_Problem to work on_
Only the lines from the one containing "A set of three" through the final line of the entries below are wanted, each copied exactly.

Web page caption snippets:

━━━━━━━━

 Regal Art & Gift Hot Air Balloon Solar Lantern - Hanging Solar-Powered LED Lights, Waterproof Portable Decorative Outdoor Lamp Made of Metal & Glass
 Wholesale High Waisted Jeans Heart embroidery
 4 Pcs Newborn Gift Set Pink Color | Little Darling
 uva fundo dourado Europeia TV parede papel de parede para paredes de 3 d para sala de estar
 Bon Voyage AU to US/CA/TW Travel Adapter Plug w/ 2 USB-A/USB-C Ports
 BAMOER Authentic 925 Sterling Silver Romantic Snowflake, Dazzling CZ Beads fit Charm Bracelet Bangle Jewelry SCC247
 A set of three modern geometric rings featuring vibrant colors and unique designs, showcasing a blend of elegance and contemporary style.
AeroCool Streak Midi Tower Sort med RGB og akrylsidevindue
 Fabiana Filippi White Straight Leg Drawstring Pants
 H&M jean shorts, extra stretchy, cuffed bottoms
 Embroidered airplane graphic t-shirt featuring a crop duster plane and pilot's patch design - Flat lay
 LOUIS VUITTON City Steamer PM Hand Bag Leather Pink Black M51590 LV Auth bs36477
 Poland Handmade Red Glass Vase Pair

━━━━━━━━

_Reply_
 A set of three modern geometric rings featuring vibrant colors and unique designs, showcasing a blend of elegance and contemporary style.
AeroCool Streak Midi Tower Sort med RGB og akrylsidevindue
 Fabiana Filippi White Straight Leg Drawstring Pants
 H&M jean shorts, extra stretchy, cuffed bottoms
 Embroidered airplane graphic t-shirt featuring a crop duster plane and pilot's patch design - Flat lay
 LOUIS VUITTON City Steamer PM Hand Bag Leather Pink Black M51590 LV Auth bs36477
 Poland Handmade Red Glass Vase Pair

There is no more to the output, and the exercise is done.